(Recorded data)
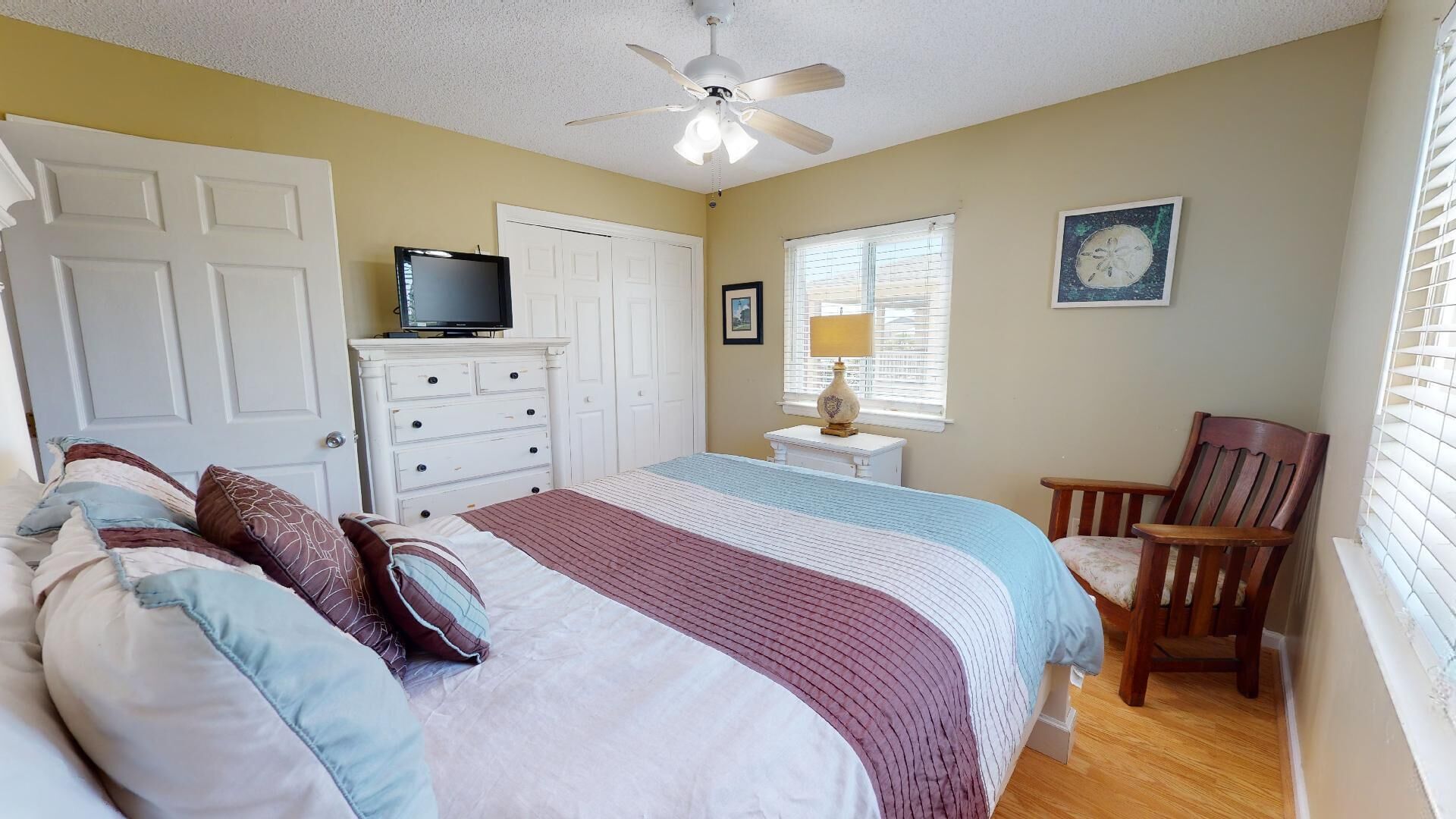 A bedroom with a bed, dresser, television, chair, and a window with blinds.
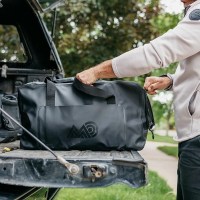 MarineWarehouse/Man-loading-a-Mission-CASSI-58L-Duffel-Tote-in-a-truck-bed__71782.1739477273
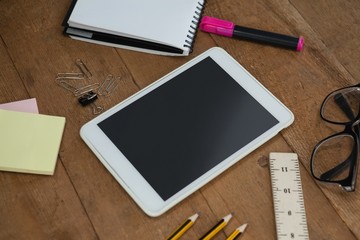 School supplies, digital tablet and spectacles on wooden table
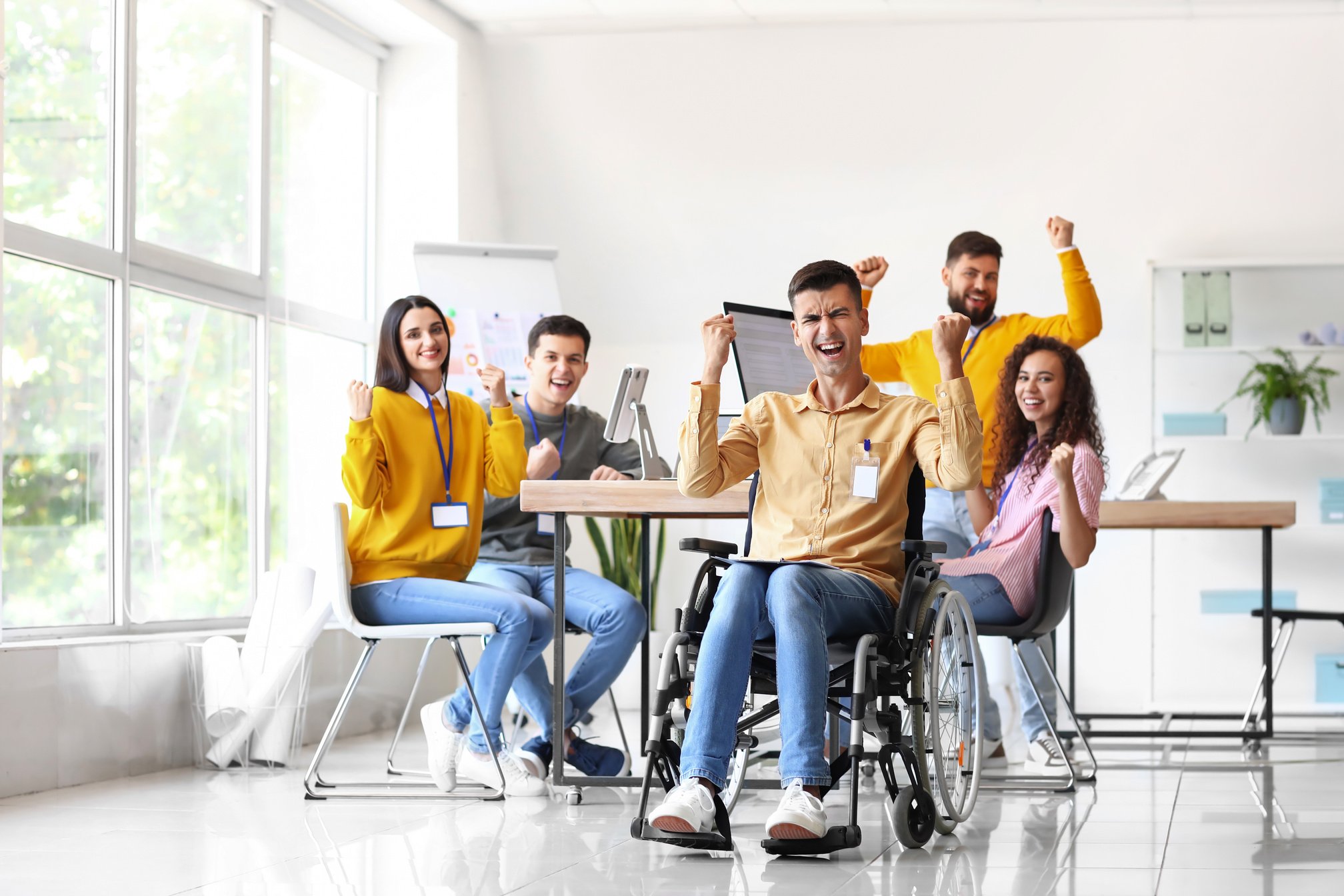 Happy Young Business People Working in Office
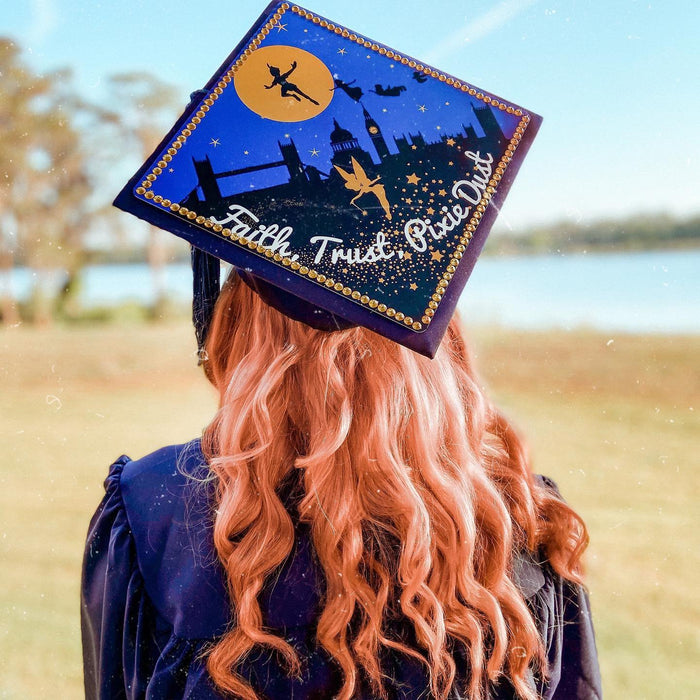 Graduate wearing Peter Pan Faith Trust Pixie Dust cap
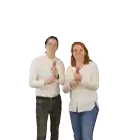 a man and a woman holding a confetti cannon that says ' snickers ' on it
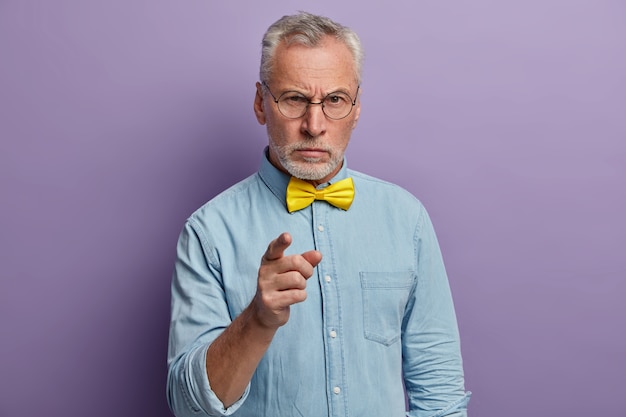 Kostenloses Foto ernster älterer mann im eleganten hemd mit gelber fliege, unzufrieden mit der unproduktiven arbeit der kollegen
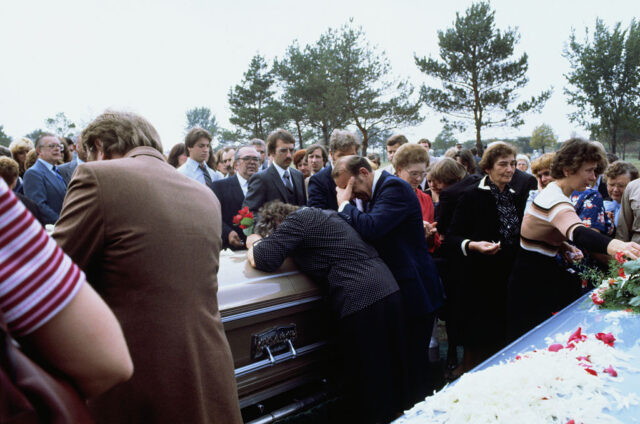 Funeral attendees crying over two coffins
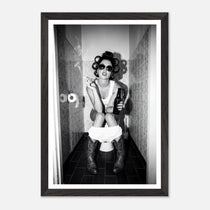 Black and white photograph of a rebellious cowgirl wearing cowboy boots and sunglasses sitting in a tiled restroom holding a cigarette and beer.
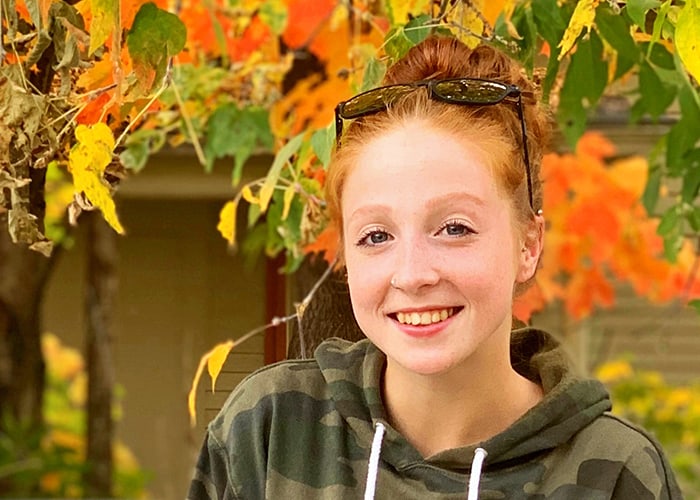 A red headed girl smiles for a portrait. She is wearing a camo hoodie and has sunglasses on her head.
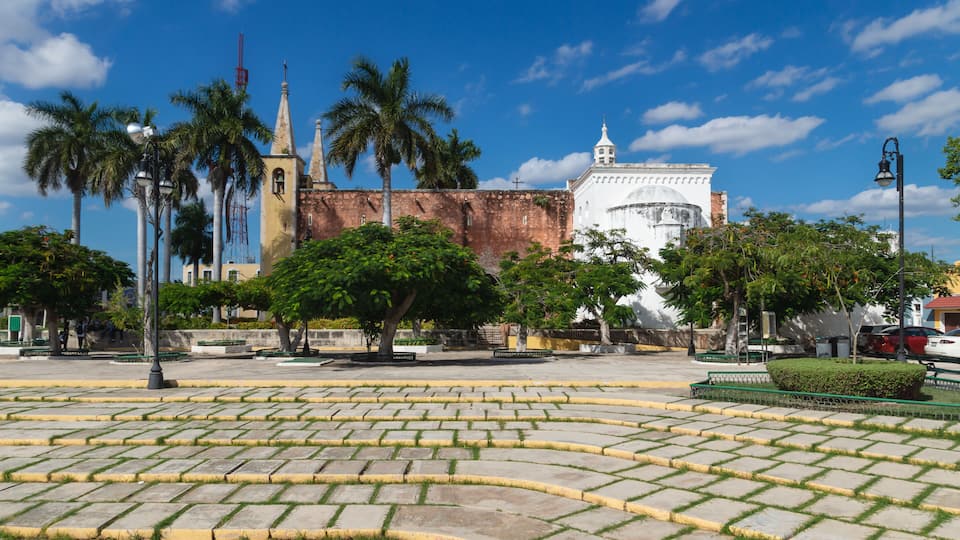 Santa Ana park and church with tropical trees, Merida, Yucatan, Mexico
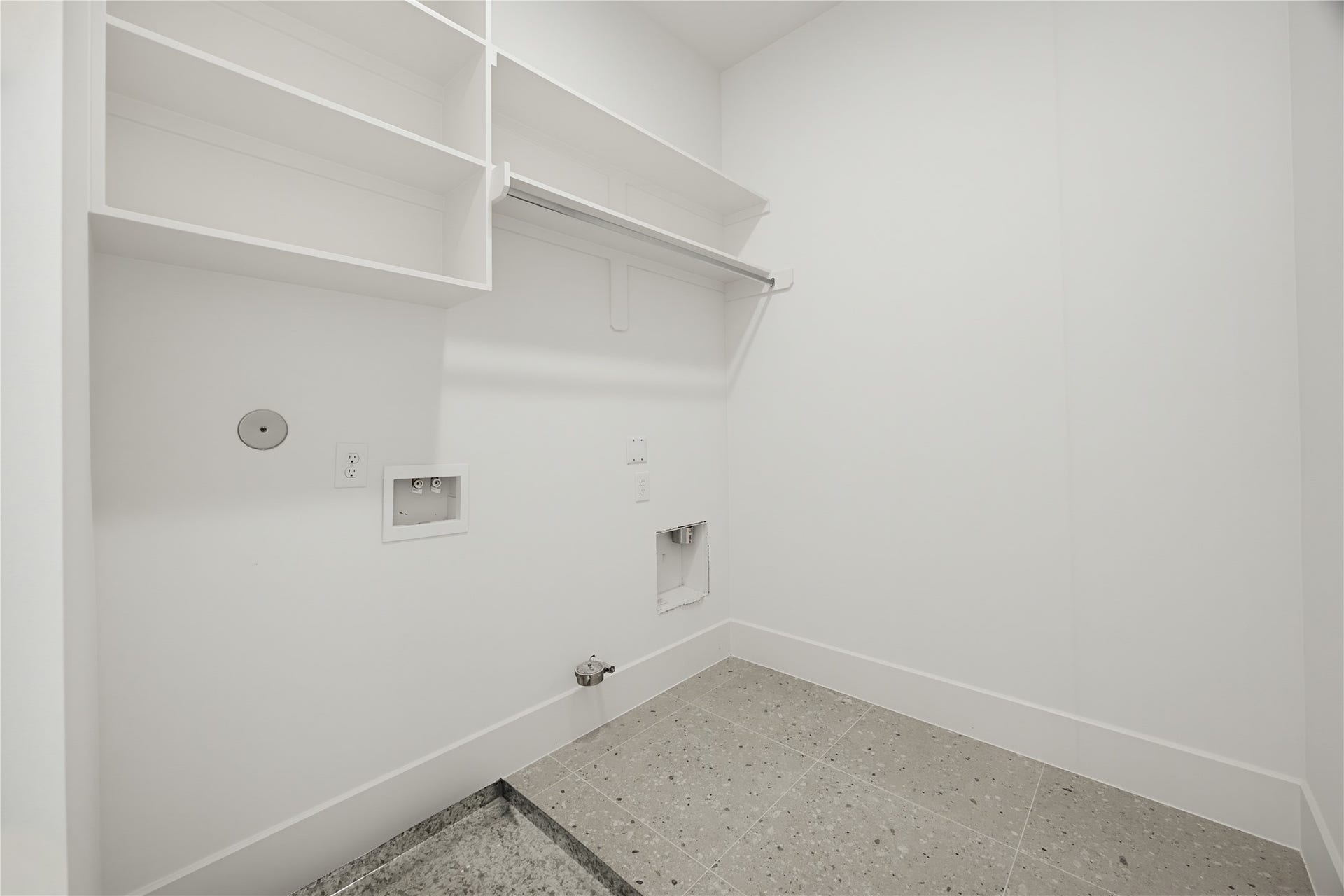 1004 E 35th Street, Houston, TX 77022 Spacious laundry room with built-in shelving, ample storage, and washer/dryer hookups, perfect for organizing your laundry essentials.
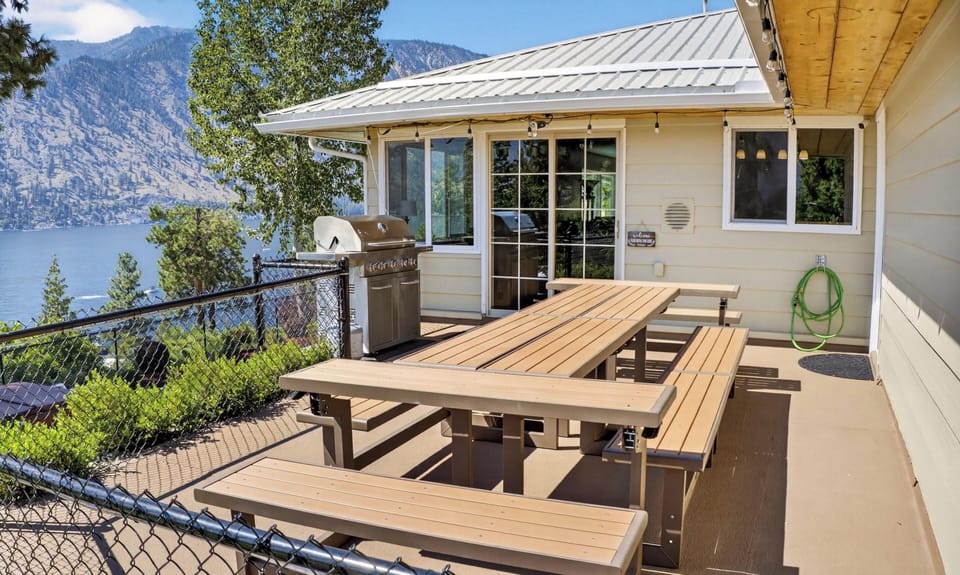 Savor meals on your private deck with stunning lake and mountain views as your backdrop.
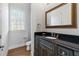 Modern bathroom with dark vanity, granite countertop, and a large mirror at 3352 Forest Vista Dr, Dacula, GA 30019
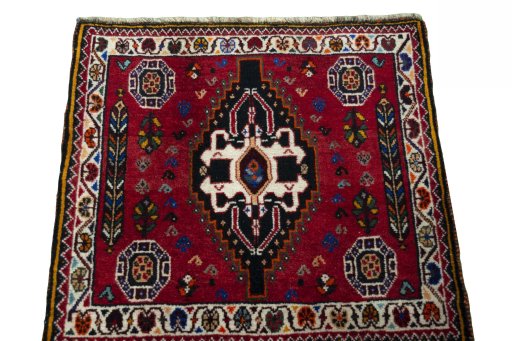 Surface texture of 2000s Shiraz rug with natural Wool and intricate pattern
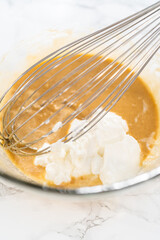 Lemon poppy seed muffins garnished with almond slivers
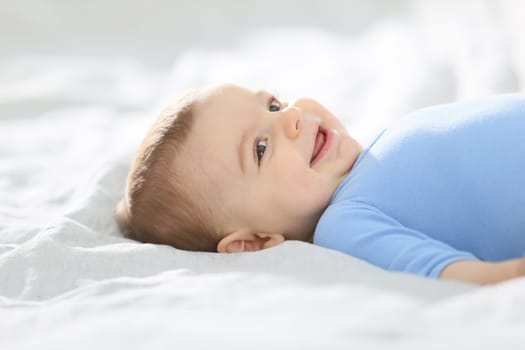 8-month-old baby boy laying on bed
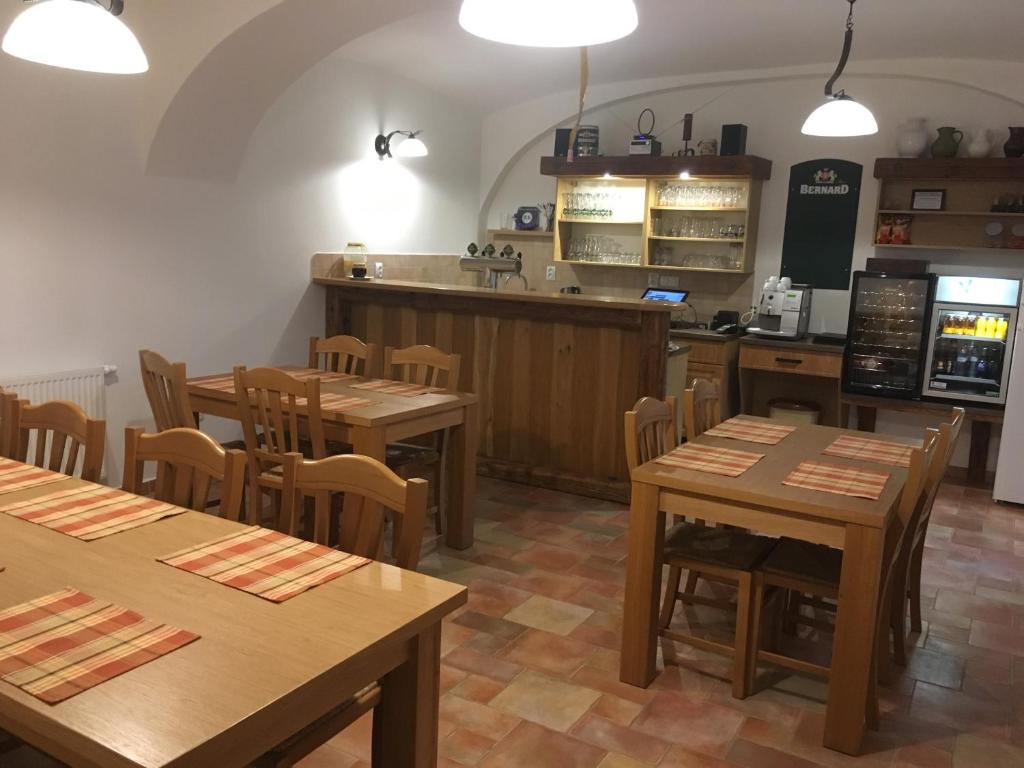 BohušicePenzion Bednářův dvůr的餐厅设有木桌、椅子和柜台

How to complete this task:
With the pictures omitted, copy the entries above exactly from the line containing "School supplies, digital" through the line containing "a man and a", both lines included.

The answer:
 School supplies, digital tablet and spectacles on wooden table
 Happy Young Business People Working in Office
 Graduate wearing Peter Pan Faith Trust Pixie Dust cap
 a man and a woman holding a confetti cannon that says ' snickers ' on it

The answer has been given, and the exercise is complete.